The noise-reducing effect of thicker, heavier glass may be further optimised by using a flexible interlayer (PVB) to connect two single panes of glass. With this solution, the thickness and space weight remain the same; the pane, however, gets “softer” and thus increases its insulating capacity by damping the sound waves.
C. Glass Design Options
For centuries, generations have used glass for filling “light holes” in massive outer walls. This has drastically changed in the last three decades. Today glass itself forms and shapes the space and creates room enclosures, thus creating transparent architecture that allows people to feel close to nature. A glass’s finish on a façade has always influenced its reflective properties, which can range from being produced so that the glass is very reflective, reflects an overall colour, or has a weak reflection.
• Screen-print technique
The screen-print, which is mainly dedicated to painting partial areas and used for a specific design, colour which joins firmly with the glass surface and coating in the following tempering process. This technology is adopted for larger quantities and is ideal for parapet glasses components is less suitable for larger areas and homogeneous painting.
• Design glasses
Transparent elements can become more and more visual and functional decoration facets. From etching and shot blasting over the ceramic screen-print up to laminated glass with inside foils, the design can be a decorative ornament or symbol or also an all-over illustration or matting.

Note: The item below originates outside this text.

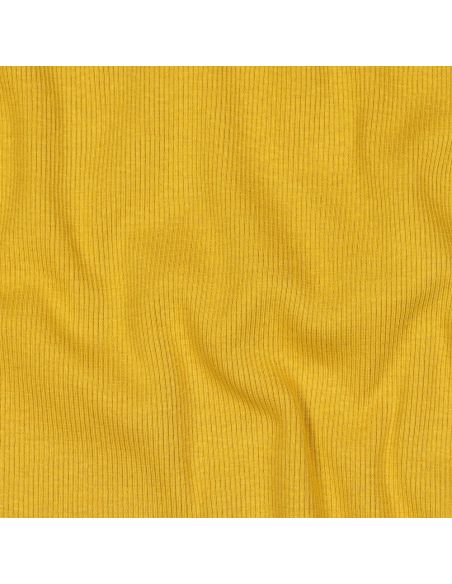 Geribbelde boordstof jersey - Mosterdkleurig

• Screen-print directly onto the glass
The colour screen-print directly onto the glass has a long tradition. The enamel or ceramic paint which is a mixture of small milled glass and joining colour pigments is pressed with a scraper through the open parts of the sieve into the glass.

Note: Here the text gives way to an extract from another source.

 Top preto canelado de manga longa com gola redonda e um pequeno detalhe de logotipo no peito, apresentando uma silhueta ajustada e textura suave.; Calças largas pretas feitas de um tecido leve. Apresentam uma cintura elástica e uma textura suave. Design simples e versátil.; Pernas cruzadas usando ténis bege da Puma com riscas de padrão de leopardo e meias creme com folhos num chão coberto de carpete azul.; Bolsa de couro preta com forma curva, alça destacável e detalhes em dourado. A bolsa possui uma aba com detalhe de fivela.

• Transfer colour print on glass
The transfer print offers an alternative to achieve a multi-colour print instead of the single colour screen-print. Also, enamel and ceramic colours can be transferred via digital print on transfer foils and can thus reproduce multi-colour motives. These printed foils will then be fixed with glasses that are going to be tempered. During the tempering process, these foils will burn residue-free and the painted colours will join as previously described.
• Coloured foils in laminated glass
Within the same lamination process exists a large pallet of different colour foils, which can be combined to achieve each imaginable colour in laminated glass.
• Bent architectural glass
Architects and designers love to interrupt straightness, corners and curves with soft curves. In the applications of the building envelope, glass is generally bent through a thermal gravity process.
A glass pane is laid over a bending form and in the bending oven heated up to 550 – 620ºC. After having reached the softening point the pane descends (through gravity) slowly into the bending mould and adopts its shape. The following cooling down defines the shape of the performance glass. Slow cooling, free from residual stress, produces a glass which can be further processed, whereas fast cooling creates a partial or fully tempered glass which is not applicable for further processing.
It is important to choose the right kind of glass, considering the objectives like colour, safety and comfort-related factors such as sound insulation, thermal insulation and glare control. The right amount of light, heat and sound passing through the window is crucial to the comfort of the building occupants, therefore it is essential to choose the high- performance glass solutions. Selection of the right type of performance glass is critical for building efficiency too.